‘Bowser’s Fury’ the perfect college pastime

Mario and Bowser Jr. approach Fury Bowser. Nintendo/courtesy

Who says videogames are just for kids?

There is a clear bias towards a younger demographic for Nintendo’s Super Mario series, but that doesn’t mean that older individuals can’t get in on the fun. Whether you are an experienced gamer or a newcomer, “Bowser’s Fury,” an all-new standalone adventure included with the Switch release of 2012’s “Super Mario 3D World,” makes for an enjoyable pastime. It may not be the most exciting Mario adventure, but it is a sure-fire way for college students to kick back and unwind from their daily studies. 

“Bowser’s Fury” excels in subverting expectations, especially with its characters. Bowser is not the usual captivator but instead a captive, endlessly trapped in a corrupted form which Mario has to snap him out of by collecting Cat Shines, a new power source. Furthermore, Bowser Jr. is the game’s sidekick rather than someone familiar like Luigi or Peach. 

While off-putting, these kinds of choices give the game its creative flair and set it apart from previous titles that repeat the same damsel in distress formula over and over. However, not every idea checks out, especially Mario’s Giga Cat form, whose appearance feels so out of place compared to the dark sky, environments, and even Bowser himself. Speaking of Bowser, it was a bold and remarkable move from Nintendo to make him so threatening to the point where he looks like he belongs in a more mature game. 

Mario, in his Giga Cat form, fights Fury Bowser. Nintendo/courtesy

“Bowser’s Fury” feels less cutesy when compared to other Mario titles, which is evident by the dark color palette and noticeable lack of childlike whimsicality. It almost feels like it was made for the now-adult audience that played “Super Mario 3D World.” 

However, the cat-themed enemies and environments prevent it from being genuinely mature. Same with the gameplay, which offers relatively easy puzzles and platforming geared towards a younger demographic.

Easy gameplay has its perks, especially for college students after a long day of lectures and homework. Since there is no need to be fully cognizant, “Bowser’s Fury” works as a nighttime activity and can be relaxing after long study sessions. The ability to store items gives even the inexperienced player a leg up in the competition. 

It’s worth mentioning that “Bowser’s Fury” is a supermassive boss arena? While collecting Cat Shines, keep an eye on Bowser emerging from the depths of the ocean.  Once he’s awake, you’ll need to be on your toes or find a place to seek shelter. This arena is the most challenging and fun aspect of the game, treating the player to fire blasts, falling meteors from the sky and an epic guitar riff topping every Bowser theme ever made. 

Sadly, this encounter is short and is avoidable by obtaining a single Cat Shine from any area.

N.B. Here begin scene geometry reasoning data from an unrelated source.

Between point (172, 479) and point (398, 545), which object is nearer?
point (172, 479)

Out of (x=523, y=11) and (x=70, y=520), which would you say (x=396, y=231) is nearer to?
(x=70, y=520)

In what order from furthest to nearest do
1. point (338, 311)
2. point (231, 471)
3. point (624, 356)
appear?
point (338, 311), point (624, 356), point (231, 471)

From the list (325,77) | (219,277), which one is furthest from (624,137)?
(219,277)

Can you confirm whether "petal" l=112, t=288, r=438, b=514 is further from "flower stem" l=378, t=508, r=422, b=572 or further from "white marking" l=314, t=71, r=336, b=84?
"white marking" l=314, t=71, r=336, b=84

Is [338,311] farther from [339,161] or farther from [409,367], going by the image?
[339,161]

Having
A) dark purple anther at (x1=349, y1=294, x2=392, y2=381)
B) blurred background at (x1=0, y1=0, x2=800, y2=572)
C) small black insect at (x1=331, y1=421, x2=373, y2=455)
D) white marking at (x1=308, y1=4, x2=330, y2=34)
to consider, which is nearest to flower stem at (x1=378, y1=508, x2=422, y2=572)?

Experienced gamers will appreciate that Bowser increases in difficulty as the game progresses, making his penultimate mode quite a challenge to face even with an array of items. This section won’t have stress immunity like the other sections, so it’s best to save finishing the game for a weekend with less studying and time with relatively low stress. 

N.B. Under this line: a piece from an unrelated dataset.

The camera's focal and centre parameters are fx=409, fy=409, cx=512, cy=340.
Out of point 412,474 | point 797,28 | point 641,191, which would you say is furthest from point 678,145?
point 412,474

Short but fast is the best way to describe “Bowser’s Fury,” as the overall game length is limited to three hours, but obtaining Cat Shines is a rapid process. A single Cat Shine takes around 15 minutes to collect, making the game perfect for breaks in-between assignments and on occasions where time may be otherwise limited. It is also very therapeutic in the sense that decent progress is accomplishable in one session. 

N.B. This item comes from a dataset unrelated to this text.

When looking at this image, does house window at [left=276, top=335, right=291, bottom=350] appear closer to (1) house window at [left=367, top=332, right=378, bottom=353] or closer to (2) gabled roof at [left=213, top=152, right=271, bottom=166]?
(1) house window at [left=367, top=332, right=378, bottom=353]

Mario rides Plessie, a nothosaur also referred to as a “dinosaur” by Nintendo, as he searches rapidly for Cat Shines. Nintendo/courtesy

The choice to eliminate lives as a gameplay mechanic and subtract coins upon death instead was a huge mistake. Although this applies well in “Super Mario Odyssey” as in-game currency, it does not have the same effect in “Bowser’s Fury.” It still rewards the player with an item after 100 coins, but losing them isn’t even a significant setback as there are items scattered around the map, and replenishing them consumes barely any time.

Leaving out a location where coins are spent, like an item-shop or gambling machine, was a huge oversight by Nintendo. Coins don’t feel worth collecting, even though they’re treated like a reward by the game. Removing them entirely or assigning them a new purpose would have been a better use of resources.

“Bowser’s Fury” does what it can as an add-on to Super Mario 3D World, delivering adventure, fantastic visuals, compelling characters and enjoyable platforming. However, it fails to reach its full potential and tries too hard to blend with older Mario games, thereby limiting the maximum extent of its creativity. Had “Bowser’s Fury” embraced its uniqueness, it would have stood on its own against the onslaught of 3D Mario games currently on the market.